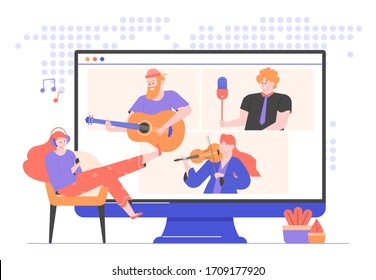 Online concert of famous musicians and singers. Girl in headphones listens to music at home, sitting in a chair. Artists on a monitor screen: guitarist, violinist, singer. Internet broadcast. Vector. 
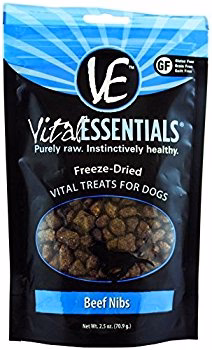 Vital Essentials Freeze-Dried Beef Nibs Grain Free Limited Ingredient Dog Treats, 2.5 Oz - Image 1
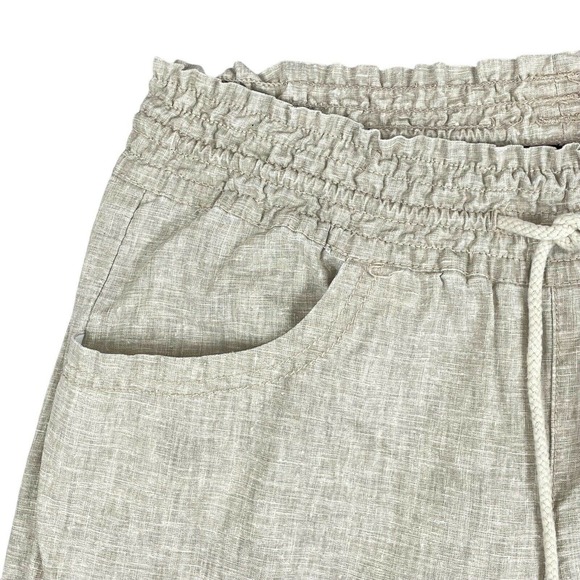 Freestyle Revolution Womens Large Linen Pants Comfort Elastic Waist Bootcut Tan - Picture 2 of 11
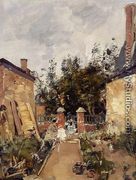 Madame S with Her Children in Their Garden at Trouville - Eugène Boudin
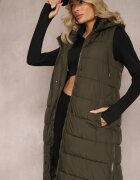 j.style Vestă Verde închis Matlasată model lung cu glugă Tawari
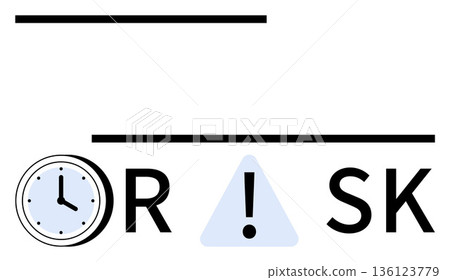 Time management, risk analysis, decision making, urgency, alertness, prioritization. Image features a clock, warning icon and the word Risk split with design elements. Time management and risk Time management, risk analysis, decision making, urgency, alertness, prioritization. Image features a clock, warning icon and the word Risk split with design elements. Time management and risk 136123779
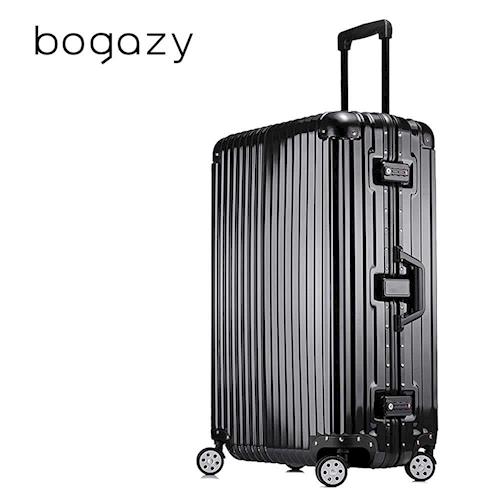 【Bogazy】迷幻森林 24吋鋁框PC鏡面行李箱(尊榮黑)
...
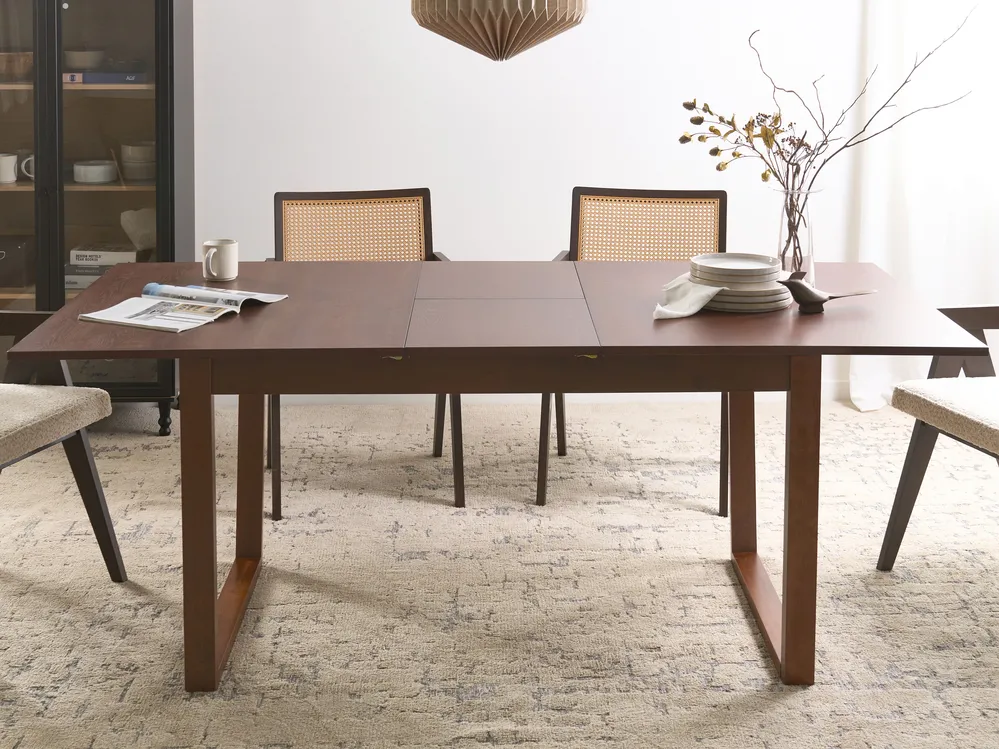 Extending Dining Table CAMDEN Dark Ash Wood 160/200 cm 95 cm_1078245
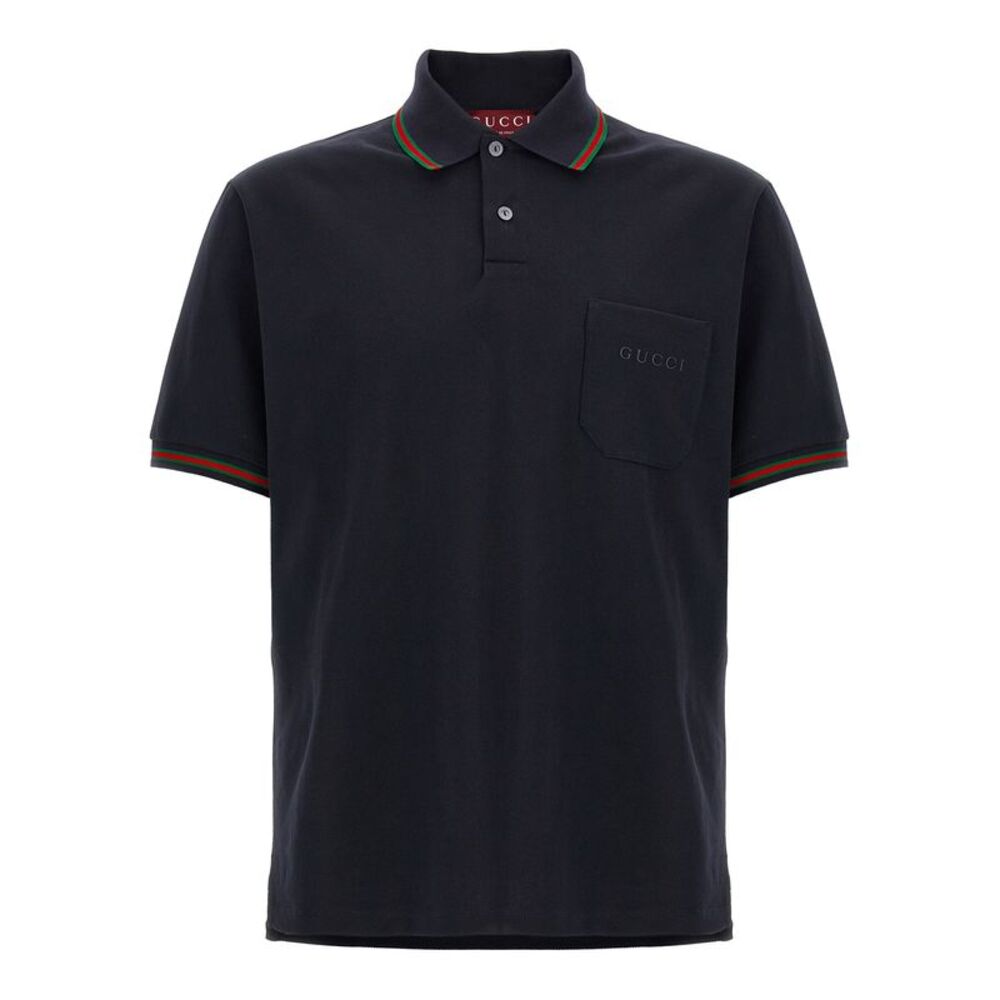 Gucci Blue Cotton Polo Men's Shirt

- _The task_:
The line holding "Extending Dining Table" starts the copy and the line holding "Gucci Blue Cotton Polo Men's Shirt" ends it. Repeat those two lines above and all between them exactly, leaving out pictures.

- _Expected answer_:
 Extending Dining Table CAMDEN Dark Ash Wood 160/200 cm 95 cm_1078245
 Gucci Blue Cotton Polo Men's Shirt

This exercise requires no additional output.